*** Opening DATASET SECTION ***
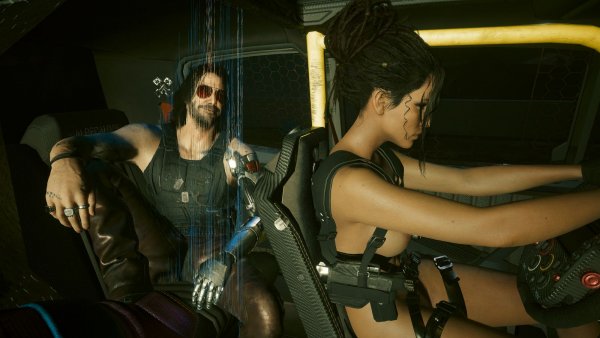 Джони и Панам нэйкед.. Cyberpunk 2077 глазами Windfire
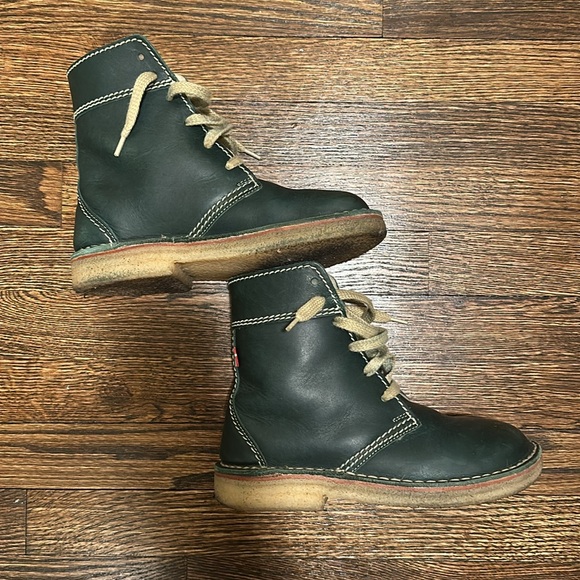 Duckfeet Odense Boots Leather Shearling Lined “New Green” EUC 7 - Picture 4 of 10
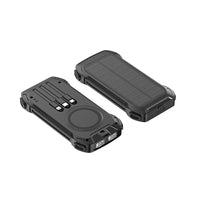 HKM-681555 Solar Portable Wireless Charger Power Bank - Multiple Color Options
*** Closing DATASET SECTION ***
■ ASSIGNMENT
Copy each line of the listing exactly, skipping any picture.

■ ANSWER SECTION
 Джони и Панам нэйкед.. Cyberpunk 2077 глазами Windfire
 Duckfeet Odense Boots Leather Shearling Lined “New Green” EUC 7 - Picture 4 of 10
 HKM-681555 Solar Portable Wireless Charger Power Bank - Multiple Color Options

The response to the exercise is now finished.